Dame Helen Mirren, lauréate d’un Oscar grâce à The Queen, excelle dans tout, même dans les films d’action (Hobbs & Shaw). Dans The Good Liar, nouveau thriller de Bill Condon (Dreamgirls, Beauty and the Beast), l’actrice britannique se glisse dans la peau d’une femme de qui tombera amoureux un escroc professionnel (Ian McKellen). Ce dernier pensait d’abord l’arnaquer en la séduisant sur un site de rencontres, mais il se laisse prendre à son propre jeu… À l’affiche le 15 novembre.

Clive Owen : d’Ang Lee à François Girard

Le personnage que Clive Owen incarne dans Gemini Man (11 octobre), nouveau film d’Ang Lee (Brokeback Mountain, Life of Pi), tire les ficelles de ce thriller dans lequel Will Smith tient un double rôle.
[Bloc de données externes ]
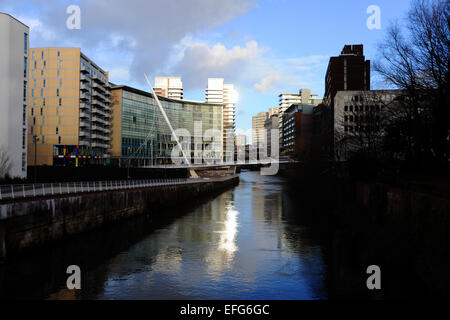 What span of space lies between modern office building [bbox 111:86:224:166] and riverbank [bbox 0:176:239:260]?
228ft

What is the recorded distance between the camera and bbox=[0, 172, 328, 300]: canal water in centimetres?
1730

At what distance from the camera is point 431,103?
84.8 ft

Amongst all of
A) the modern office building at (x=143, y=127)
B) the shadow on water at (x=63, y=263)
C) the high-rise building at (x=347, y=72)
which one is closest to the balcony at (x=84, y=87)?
the modern office building at (x=143, y=127)

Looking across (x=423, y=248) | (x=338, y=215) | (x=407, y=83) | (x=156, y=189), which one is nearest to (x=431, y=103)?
(x=407, y=83)

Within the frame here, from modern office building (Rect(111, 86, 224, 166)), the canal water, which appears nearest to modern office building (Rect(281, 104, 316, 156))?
modern office building (Rect(111, 86, 224, 166))

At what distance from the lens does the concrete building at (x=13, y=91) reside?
56688mm

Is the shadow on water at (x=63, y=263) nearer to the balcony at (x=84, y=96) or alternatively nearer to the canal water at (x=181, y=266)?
the canal water at (x=181, y=266)

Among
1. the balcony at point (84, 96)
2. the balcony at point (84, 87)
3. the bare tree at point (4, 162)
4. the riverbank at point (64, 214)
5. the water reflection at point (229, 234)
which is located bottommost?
the water reflection at point (229, 234)

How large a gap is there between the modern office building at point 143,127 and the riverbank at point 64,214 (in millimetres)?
69576

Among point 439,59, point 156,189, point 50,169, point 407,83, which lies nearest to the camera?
point 439,59

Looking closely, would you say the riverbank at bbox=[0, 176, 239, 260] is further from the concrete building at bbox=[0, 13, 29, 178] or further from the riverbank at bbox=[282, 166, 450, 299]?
the concrete building at bbox=[0, 13, 29, 178]

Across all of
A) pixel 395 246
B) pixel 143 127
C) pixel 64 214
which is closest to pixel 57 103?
pixel 143 127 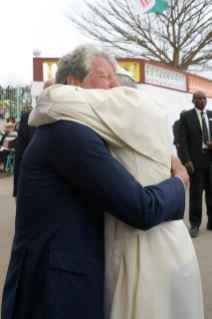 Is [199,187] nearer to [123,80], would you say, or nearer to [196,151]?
[196,151]

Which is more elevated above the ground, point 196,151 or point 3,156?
point 196,151

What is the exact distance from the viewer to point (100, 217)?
1221mm

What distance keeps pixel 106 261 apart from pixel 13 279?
350 mm

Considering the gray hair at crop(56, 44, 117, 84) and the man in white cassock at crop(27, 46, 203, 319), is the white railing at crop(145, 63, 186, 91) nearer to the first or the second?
the gray hair at crop(56, 44, 117, 84)

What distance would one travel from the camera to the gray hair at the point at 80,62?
55.5 inches

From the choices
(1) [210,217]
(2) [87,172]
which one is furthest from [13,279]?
(1) [210,217]

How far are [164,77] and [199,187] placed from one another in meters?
6.93

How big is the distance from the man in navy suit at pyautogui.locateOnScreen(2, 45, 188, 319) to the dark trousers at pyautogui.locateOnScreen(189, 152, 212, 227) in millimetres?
3679

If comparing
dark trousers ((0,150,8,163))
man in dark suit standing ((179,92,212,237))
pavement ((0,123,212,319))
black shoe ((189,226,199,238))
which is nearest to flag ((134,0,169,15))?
dark trousers ((0,150,8,163))

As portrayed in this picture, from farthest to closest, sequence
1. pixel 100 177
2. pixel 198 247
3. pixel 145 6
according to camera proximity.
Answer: pixel 145 6, pixel 198 247, pixel 100 177

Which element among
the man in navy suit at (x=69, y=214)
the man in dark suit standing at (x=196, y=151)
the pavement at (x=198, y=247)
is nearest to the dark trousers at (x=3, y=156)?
the pavement at (x=198, y=247)

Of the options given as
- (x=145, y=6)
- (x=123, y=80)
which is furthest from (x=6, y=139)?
(x=123, y=80)

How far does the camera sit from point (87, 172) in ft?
3.58

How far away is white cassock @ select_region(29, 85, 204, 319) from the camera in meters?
1.14
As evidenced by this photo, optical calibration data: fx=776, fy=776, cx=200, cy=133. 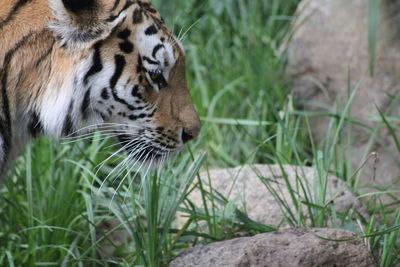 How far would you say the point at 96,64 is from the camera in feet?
9.64

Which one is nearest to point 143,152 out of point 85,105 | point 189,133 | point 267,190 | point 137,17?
point 189,133

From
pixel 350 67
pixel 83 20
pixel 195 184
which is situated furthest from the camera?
pixel 350 67

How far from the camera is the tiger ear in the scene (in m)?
2.82

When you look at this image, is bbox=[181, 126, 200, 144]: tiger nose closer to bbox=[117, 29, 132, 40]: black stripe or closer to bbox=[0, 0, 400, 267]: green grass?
bbox=[0, 0, 400, 267]: green grass

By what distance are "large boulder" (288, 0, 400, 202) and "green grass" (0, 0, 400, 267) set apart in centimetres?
13

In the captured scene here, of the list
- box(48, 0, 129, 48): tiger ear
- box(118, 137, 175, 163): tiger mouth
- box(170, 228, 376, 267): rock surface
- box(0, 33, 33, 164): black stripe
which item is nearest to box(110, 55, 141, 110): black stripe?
box(48, 0, 129, 48): tiger ear

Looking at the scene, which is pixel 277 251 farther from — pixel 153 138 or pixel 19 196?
pixel 19 196

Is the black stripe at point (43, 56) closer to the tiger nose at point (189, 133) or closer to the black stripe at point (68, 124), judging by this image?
the black stripe at point (68, 124)

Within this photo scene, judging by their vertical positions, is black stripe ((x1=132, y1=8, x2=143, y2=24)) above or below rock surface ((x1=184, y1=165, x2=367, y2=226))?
above

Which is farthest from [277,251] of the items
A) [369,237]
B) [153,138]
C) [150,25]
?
[150,25]

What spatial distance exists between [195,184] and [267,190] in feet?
1.48

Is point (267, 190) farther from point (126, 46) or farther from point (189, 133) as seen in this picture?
point (126, 46)

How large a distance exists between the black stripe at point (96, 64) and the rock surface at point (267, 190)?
2.82ft

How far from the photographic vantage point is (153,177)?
3.19 metres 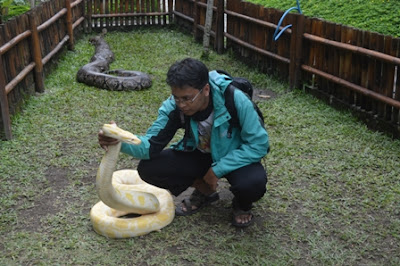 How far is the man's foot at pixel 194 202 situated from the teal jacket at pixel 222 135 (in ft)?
1.91

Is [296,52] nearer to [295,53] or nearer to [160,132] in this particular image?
[295,53]

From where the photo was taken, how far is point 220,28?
1064 cm

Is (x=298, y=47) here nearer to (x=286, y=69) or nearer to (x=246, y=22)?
(x=286, y=69)

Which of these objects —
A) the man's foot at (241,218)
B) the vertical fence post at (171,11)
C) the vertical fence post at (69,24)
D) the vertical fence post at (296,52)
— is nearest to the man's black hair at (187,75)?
the man's foot at (241,218)

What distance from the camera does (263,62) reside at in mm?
8922

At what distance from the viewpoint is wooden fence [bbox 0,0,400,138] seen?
590 centimetres

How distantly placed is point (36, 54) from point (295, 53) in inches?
151

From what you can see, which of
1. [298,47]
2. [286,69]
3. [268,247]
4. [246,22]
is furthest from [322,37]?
[268,247]

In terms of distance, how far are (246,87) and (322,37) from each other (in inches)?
141

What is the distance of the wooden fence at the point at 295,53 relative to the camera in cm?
590

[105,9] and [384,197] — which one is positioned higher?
[105,9]

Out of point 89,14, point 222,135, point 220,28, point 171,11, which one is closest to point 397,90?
point 222,135

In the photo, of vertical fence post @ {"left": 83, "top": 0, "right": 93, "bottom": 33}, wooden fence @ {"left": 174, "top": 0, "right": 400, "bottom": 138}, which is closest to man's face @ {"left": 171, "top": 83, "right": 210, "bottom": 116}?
wooden fence @ {"left": 174, "top": 0, "right": 400, "bottom": 138}

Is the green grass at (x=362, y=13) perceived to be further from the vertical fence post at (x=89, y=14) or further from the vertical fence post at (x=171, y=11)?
the vertical fence post at (x=89, y=14) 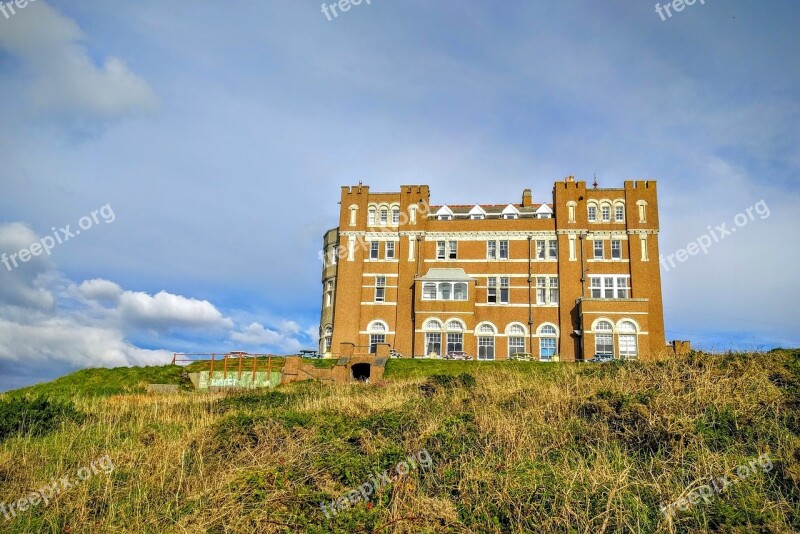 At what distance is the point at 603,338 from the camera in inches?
1585

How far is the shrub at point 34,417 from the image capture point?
1367cm

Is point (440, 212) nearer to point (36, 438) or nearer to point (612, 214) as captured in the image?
point (612, 214)

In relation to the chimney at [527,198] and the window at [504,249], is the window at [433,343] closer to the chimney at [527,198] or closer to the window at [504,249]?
the window at [504,249]

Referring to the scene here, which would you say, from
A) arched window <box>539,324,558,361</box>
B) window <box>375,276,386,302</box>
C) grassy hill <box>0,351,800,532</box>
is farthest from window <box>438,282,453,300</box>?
grassy hill <box>0,351,800,532</box>

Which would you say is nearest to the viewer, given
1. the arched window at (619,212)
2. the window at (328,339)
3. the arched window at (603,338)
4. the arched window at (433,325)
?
the arched window at (603,338)

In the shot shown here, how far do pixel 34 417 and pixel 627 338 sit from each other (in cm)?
3567

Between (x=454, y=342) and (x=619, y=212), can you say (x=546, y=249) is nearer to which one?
(x=619, y=212)

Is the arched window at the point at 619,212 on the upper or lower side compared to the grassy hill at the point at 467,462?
upper

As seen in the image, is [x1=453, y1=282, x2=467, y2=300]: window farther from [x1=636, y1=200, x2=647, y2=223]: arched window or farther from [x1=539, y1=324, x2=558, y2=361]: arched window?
[x1=636, y1=200, x2=647, y2=223]: arched window

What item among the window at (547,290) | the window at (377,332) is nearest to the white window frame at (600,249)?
the window at (547,290)

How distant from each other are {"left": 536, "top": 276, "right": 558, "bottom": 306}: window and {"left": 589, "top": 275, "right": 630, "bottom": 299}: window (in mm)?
2702

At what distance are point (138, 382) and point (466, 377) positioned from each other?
19087 mm

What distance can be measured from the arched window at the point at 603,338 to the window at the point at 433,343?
11.0 meters

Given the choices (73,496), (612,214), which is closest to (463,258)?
(612,214)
En décembre, l’acteur sera, avec Tim Roth, la vedette de The Song of Names, une adaptation du roman de Norman Lebrecht dont François Girard (Le violon rouge, Hochelaga, terre des âmes) signe la réalisation. Le récit est construit autour de la recherche d’un ami d’enfance, mystérieusement disparu pendant la Seconde Guerre mondiale.

Robert Pattinson : mystérieux phare

Robert Pattinson sera vu cet automne dans The Lighthouse (novembre). Prix de la critique à la Quinzaine des réalisateurs de Cannes, ce film de Robert Eggers, en noir et blanc, se déroule dans une lointaine et mystérieuse île de la Nouvelle-Angleterre à la fin du XIXe siècle. L’acteur est aussi l’une des têtes d’affiche de Waiting for the Barbarians, nouveau film du cinéaste colombien Ciro Guerra (Les oiseaux de passage), en lice pour le Lion d’or de la Mostra de Venise cette année. Robert Pattinson donne par ailleurs la réplique à Timothée Chalamet dans The King, un film de David Michôd que présentera Netflix.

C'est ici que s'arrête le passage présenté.